Del Pato al horseball reglamentado
La transición de Palacios del Pato al horseball reglamentado fue, según cuenta él mismo, sorprendentemente sencilla en los aspectos ecuestre y balón, y más compleja en lo que se refiere a las reglas y la estructura táctica. El Pato ya había preparado a Palacios para recoger el balón del suelo, para pasar bajo presión y para lanzar a la canasta con precisión. Lo que tuvo que aprender fue el reglamento formal, los sistemas de juego colectivo y la disciplina táctica que caracteriza el horseball europeo.
Esta síntesis —la naturalidad argentina con la estructura táctica europea— es la que hace del estilo de juego de Palacios algo genuinamente diferente de lo que los rivales europeos están acostumbrados a ver.
La naturalidad que no puede enseñarse
Los entrenadores que han trabajado con Palacios suelen mencionar la misma cualidad: su naturalidad. Hay acciones que en el horseball europeo se entrenan durante meses y se ejecutan con visible esfuerzo técnico. Palacios las realiza de forma instintiva, como si fueran parte de su expresión natural a caballo.
La recogida del suelo es el ejemplo más claro. Mientras que la mayoría de los jinetes necesitan calcular el ángulo, ajustar la velocidad del caballo y preparar el brazo con anterioridad, Palacios parece simplemente inclinarse y recoger, como si el balón le esperara exactamente donde lo necesita.
Esta naturalidad no es magia: es el resultado de décadas de práctica desde la infancia, en condiciones mucho más exigentes que las de cualquier escuela de equitación formal.
El embajador del horseball argentino
A lo largo de su carrera, Martín Palacios ha asumido un rol de embajador del horseball argentino en el mundo. Sus participaciones en competiciones internacionales han dado a conocer el estilo argentino en Europa y han generado un respeto creciente hacia el potencial del horseball sudamericano.
Su forma de hablar del Pato como origen y alma del horseball —no como un antecesor primitivo sino como una tradición viva que enriquece el deporte moderno— ha contribuido a que la comunidad internacional del horseball vea el Pato argentino con más respeto y curiosidad que en el pasado.
El futuro del horseball argentino
Palacios es también una figura activa en el desarrollo del horseball argentino.

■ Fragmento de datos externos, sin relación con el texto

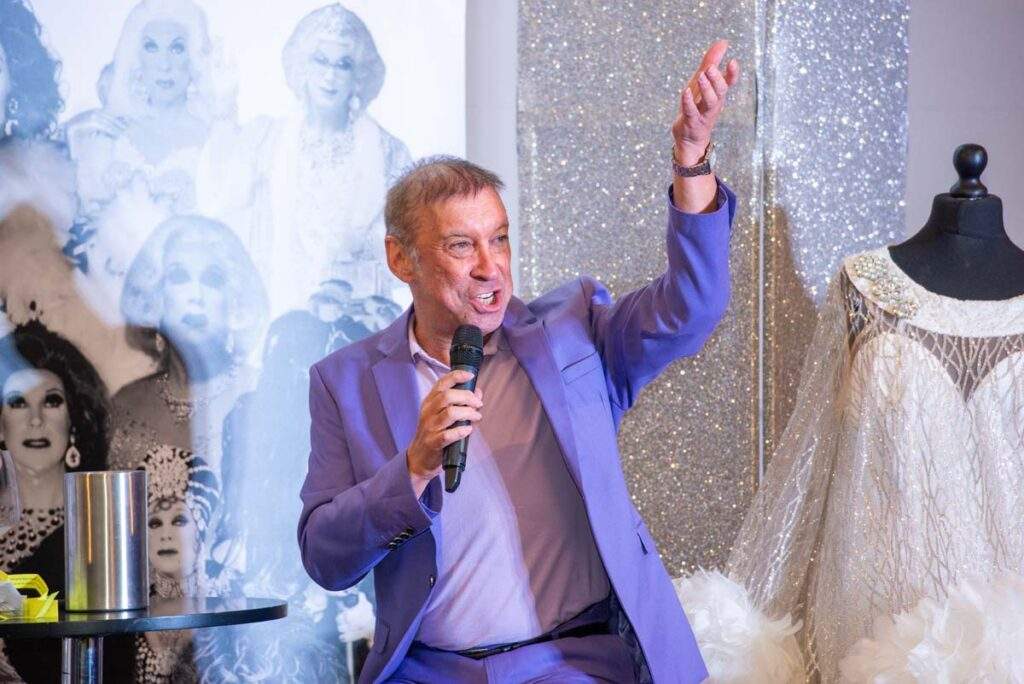 Ceri Dupree enthusiastically addressing the audience, raising one arm while holding a microphone, dressed in a lilac suit beside a glamorous white costume.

Trabaja con jóvenes jinetes que vienen del Pato y quieren dar el paso al horseball reglamentado, actuando como puente entre las dos tradiciones. Su experiencia única —el mejor jinete de Pato aprendiendo a ser el mejor jinete de horseball— es un modelo de camino que muchos jóvenes argentinos pueden recorrer.
Si el horseball argentino consigue capitalizar el potencial de su herencia del Pato con una estructura de competición internacional sólida, Martín Palacios será recordado como la figura que abrió ese camino.